Items listed in a dataset
────

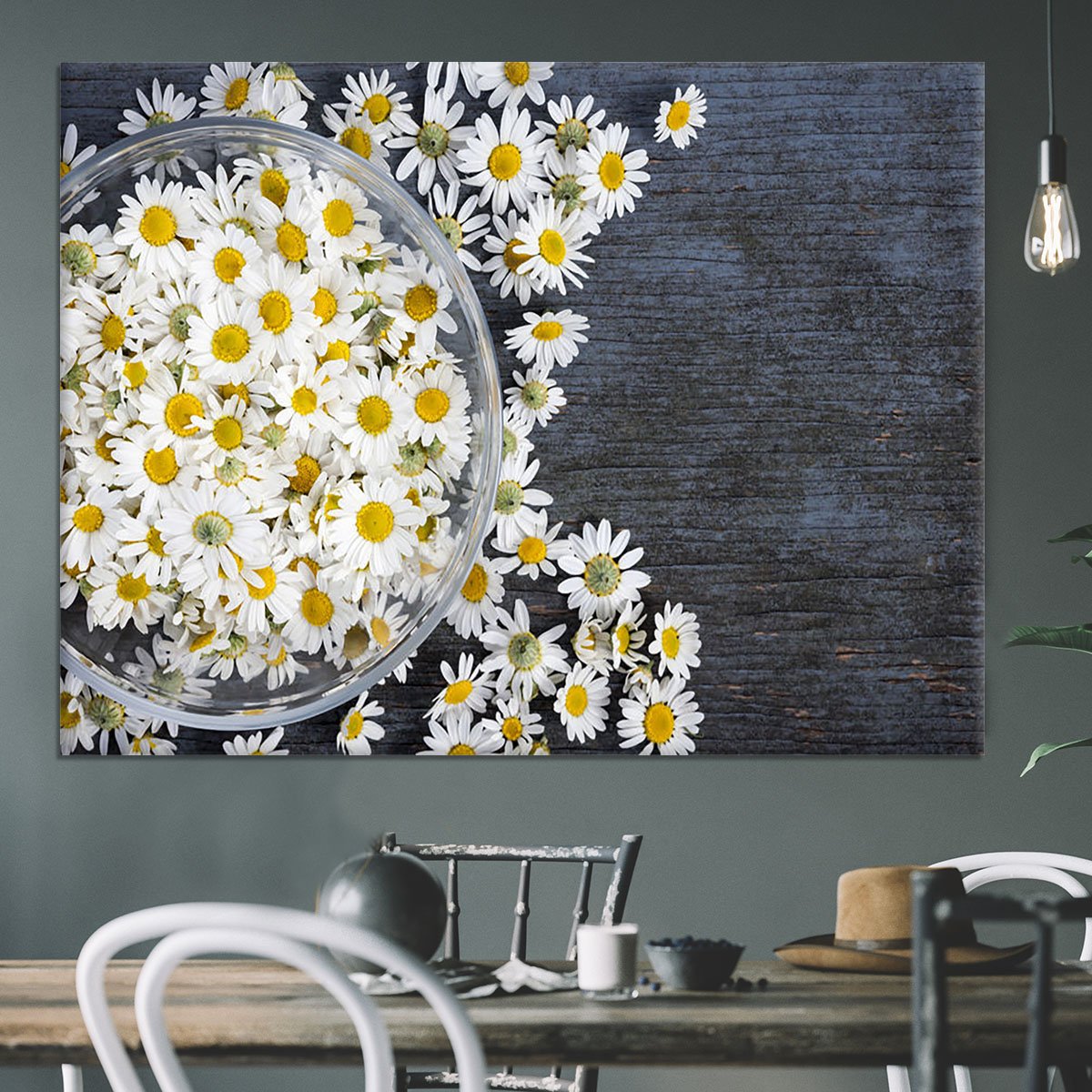 Fresh medicinal roman chamomile flower Canvas Print or Poster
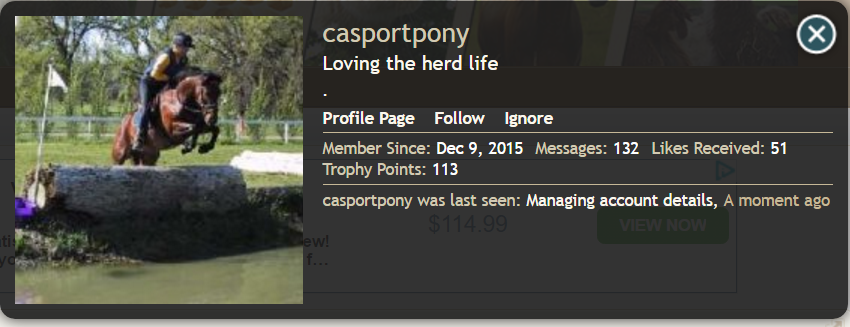 casportpony_2.PNG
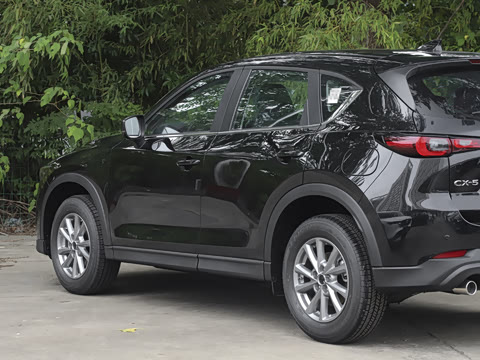 2025�� 2.0L �Զ���������Pro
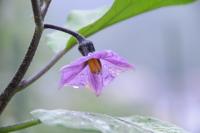 晩夏 朝露 ナスの花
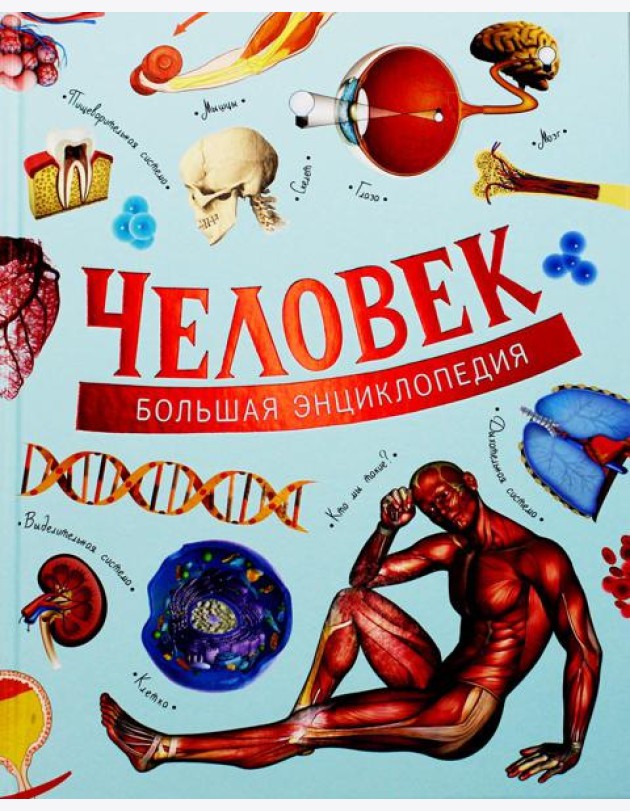 Человек. Большая энциклопедия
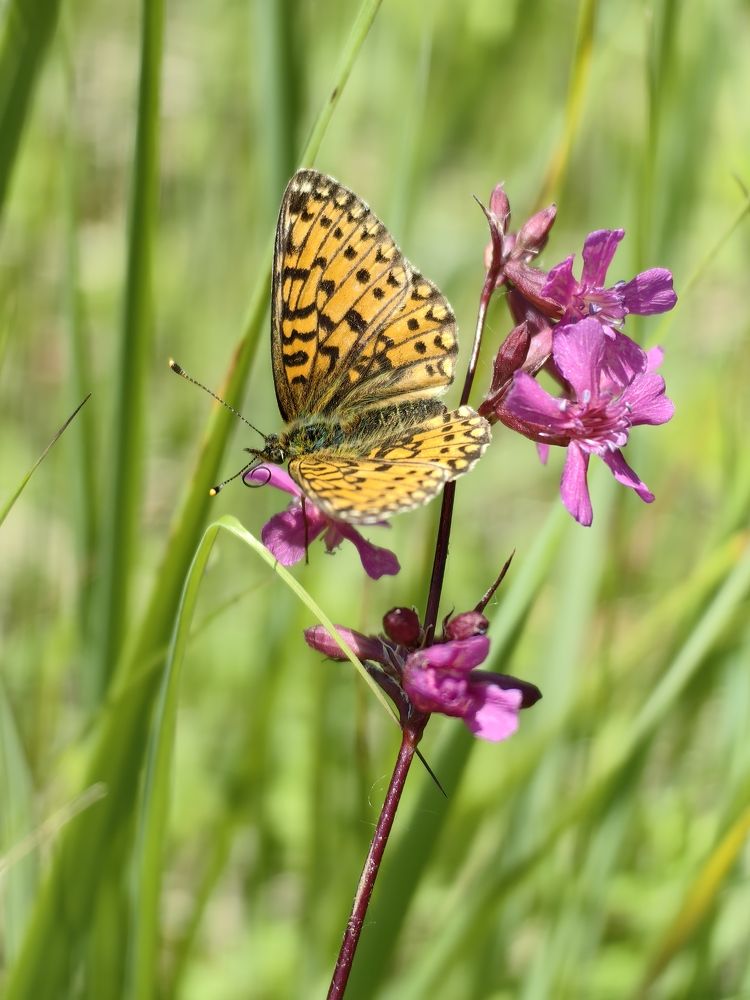 Photograph by Остап Благодатков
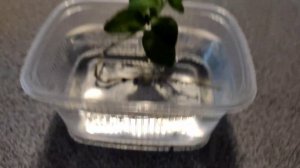 Эффектное и быстрое  укоренение черенков Петунии!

────

Exercise> Give back exactly the lines from the one with "Человек. Большая энциклопедия" through the end of the records above, inclusive, and omit any pictures.

Task response>
 Человек. Большая энциклопедия
 Photograph by Остап Благодатков
 Эффектное и быстрое  укоренение черенков Петунии!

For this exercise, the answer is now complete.